Please, in the data that follows, copy exactly the lines from the line with "120 g Christkindl" through the last one, both included. Do not include pictures.

Source material -
--------------------

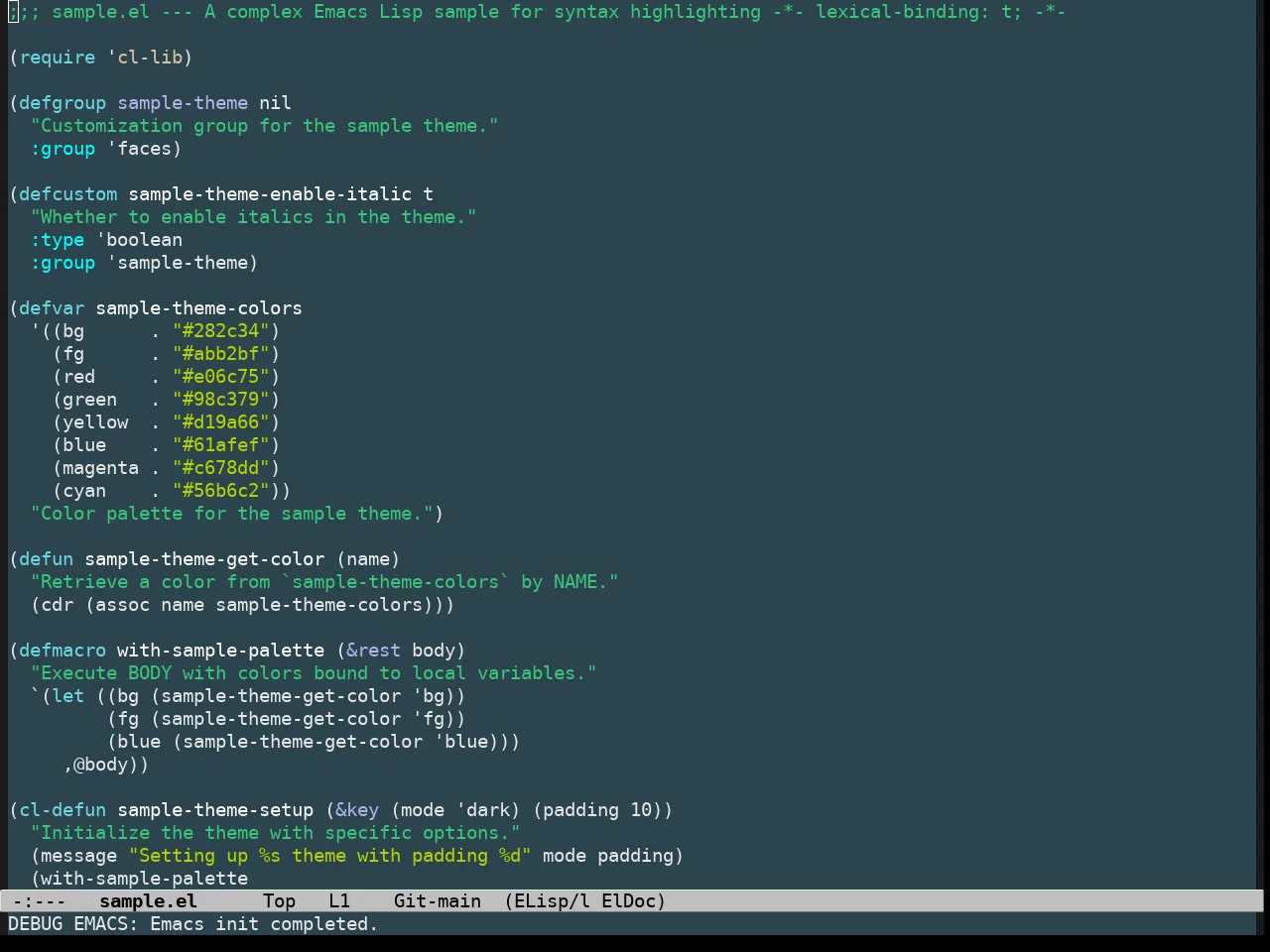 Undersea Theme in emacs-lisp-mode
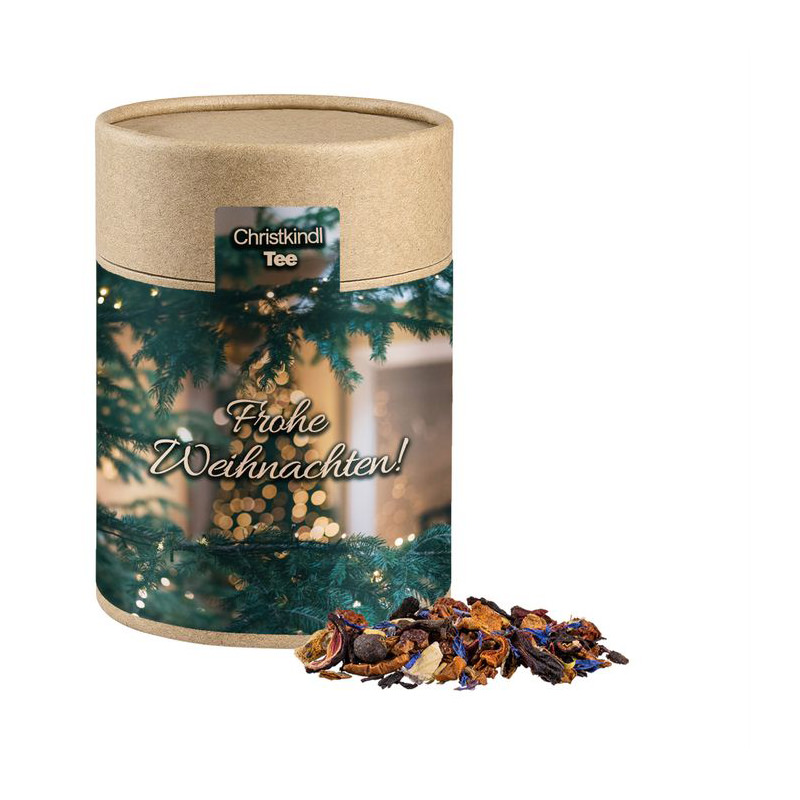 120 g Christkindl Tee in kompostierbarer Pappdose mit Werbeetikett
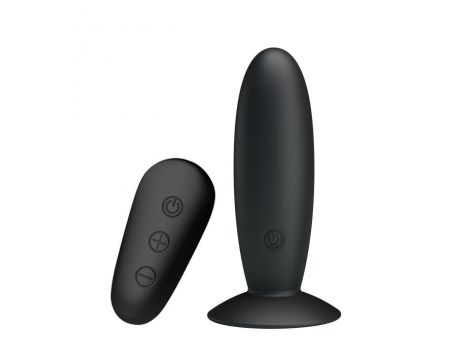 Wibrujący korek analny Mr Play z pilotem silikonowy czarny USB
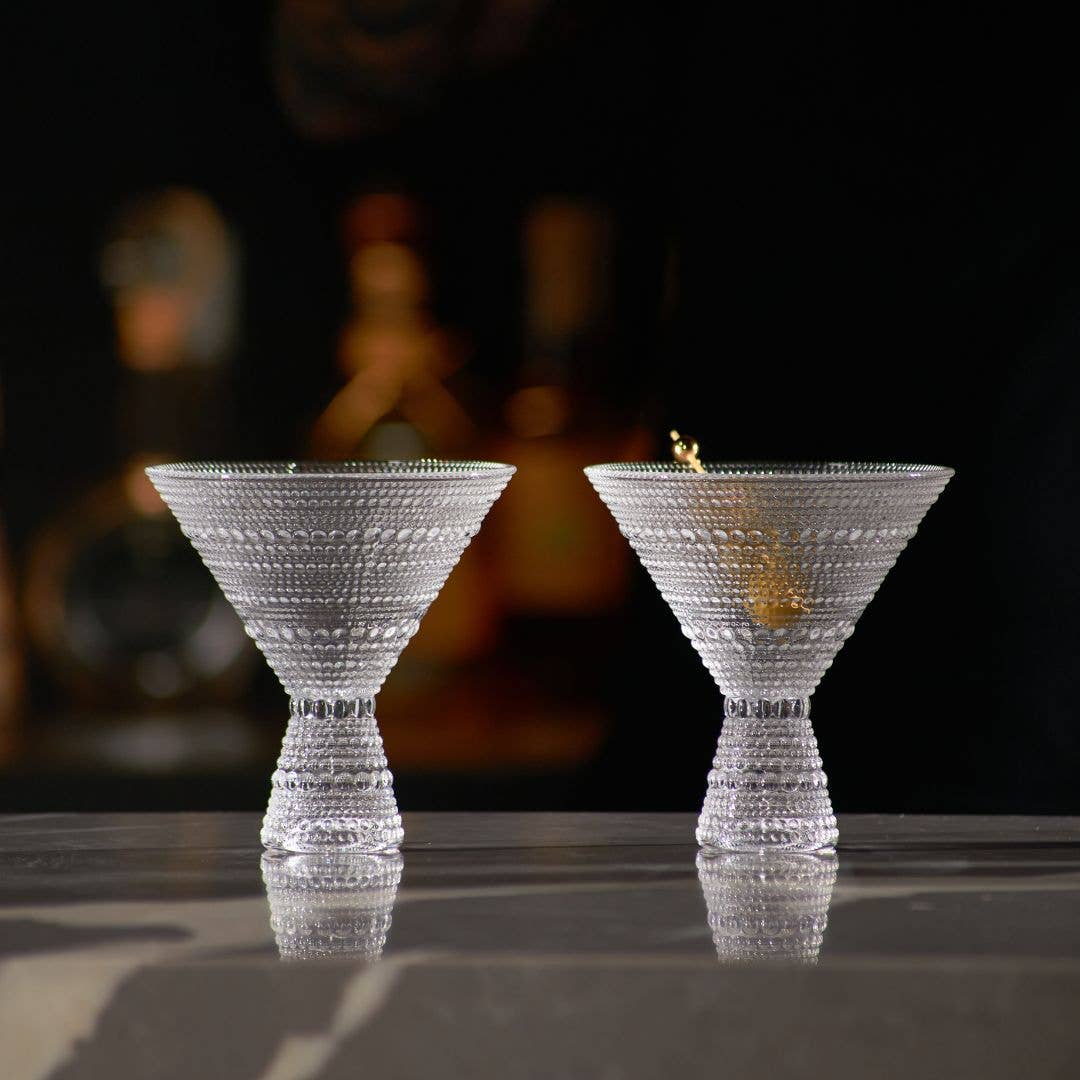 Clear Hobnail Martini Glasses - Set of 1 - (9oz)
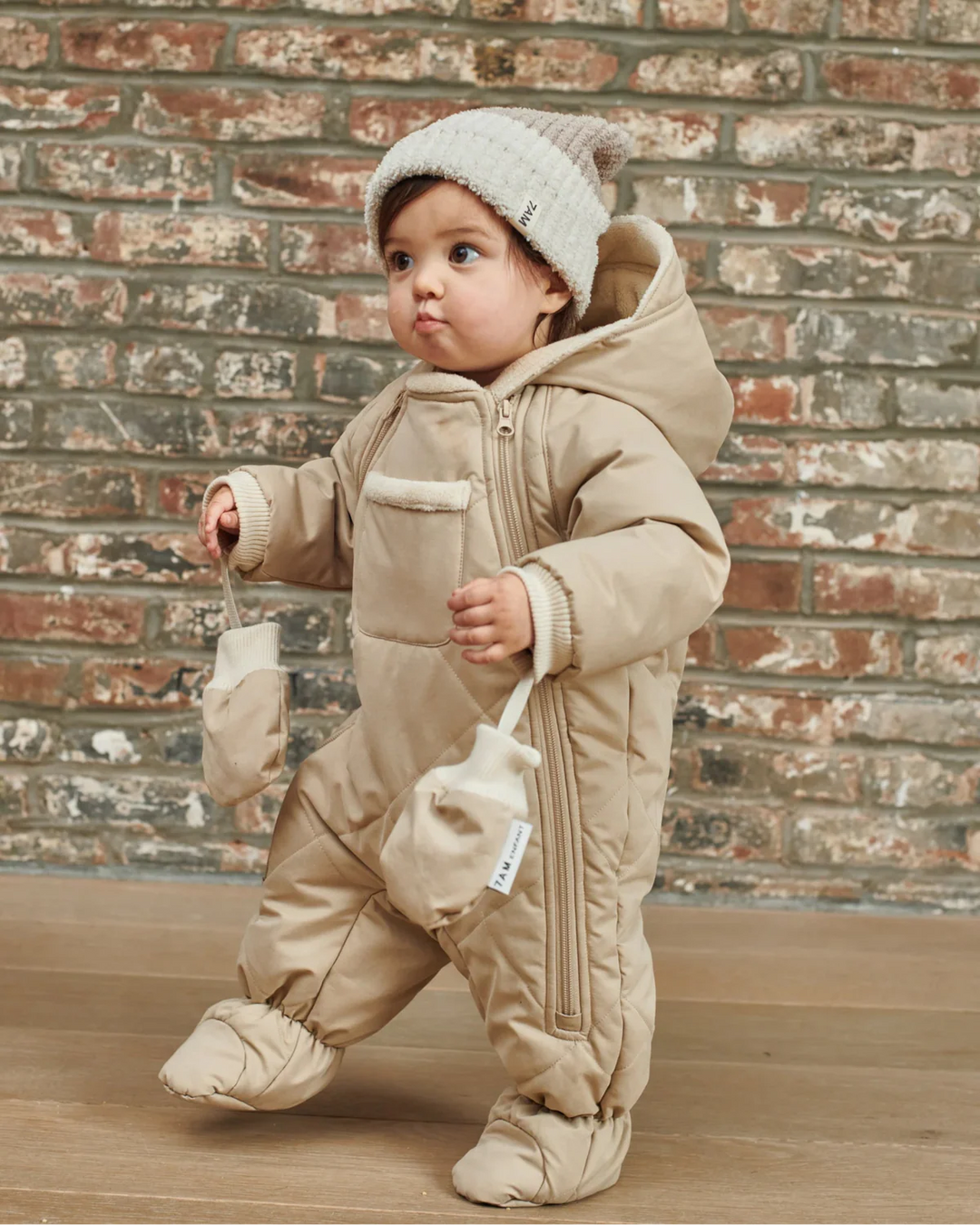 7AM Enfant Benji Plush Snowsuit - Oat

--------------------

Exercise solution -
 120 g Christkindl Tee in kompostierbarer Pappdose mit Werbeetikett
 Wibrujący korek analny Mr Play z pilotem silikonowy czarny USB
 Clear Hobnail Martini Glasses - Set of 1 - (9oz)
 7AM Enfant Benji Plush Snowsuit - Oat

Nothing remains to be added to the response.